Segment Start: Data records
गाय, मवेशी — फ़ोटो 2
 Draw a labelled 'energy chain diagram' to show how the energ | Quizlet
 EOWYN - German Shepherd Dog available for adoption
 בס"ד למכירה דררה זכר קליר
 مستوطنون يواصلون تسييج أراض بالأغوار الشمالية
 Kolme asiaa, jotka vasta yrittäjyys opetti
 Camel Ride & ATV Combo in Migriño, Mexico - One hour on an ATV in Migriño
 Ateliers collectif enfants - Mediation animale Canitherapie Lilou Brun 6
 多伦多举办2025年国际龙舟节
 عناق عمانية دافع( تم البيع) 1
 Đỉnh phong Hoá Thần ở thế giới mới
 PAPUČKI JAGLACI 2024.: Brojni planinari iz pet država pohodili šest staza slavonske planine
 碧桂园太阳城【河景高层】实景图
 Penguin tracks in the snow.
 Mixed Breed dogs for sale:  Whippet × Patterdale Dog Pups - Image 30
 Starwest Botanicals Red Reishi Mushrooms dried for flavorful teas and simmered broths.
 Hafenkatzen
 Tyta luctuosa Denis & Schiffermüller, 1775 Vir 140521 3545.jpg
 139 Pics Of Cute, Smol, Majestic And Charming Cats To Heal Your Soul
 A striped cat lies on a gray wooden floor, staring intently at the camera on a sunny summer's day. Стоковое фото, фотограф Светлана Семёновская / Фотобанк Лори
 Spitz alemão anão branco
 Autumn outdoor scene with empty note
Segment End: Data records
Exactly reproduce the lines that run from the line with "Starwest Botanicals Red" through the last line of the records, inclusive.

Exercise response:
 Starwest Botanicals Red Reishi Mushrooms dried for flavorful teas and simmered broths.
 Hafenkatzen
 Tyta luctuosa Denis & Schiffermüller, 1775 Vir 140521 3545.jpg
 139 Pics Of Cute, Smol, Majestic And Charming Cats To Heal Your Soul
 A striped cat lies on a gray wooden floor, staring intently at the camera on a sunny summer's day. Стоковое фото, фотограф Светлана Семёновская / Фотобанк Лори
 Spitz alemão anão branco
 Autumn outdoor scene with empty note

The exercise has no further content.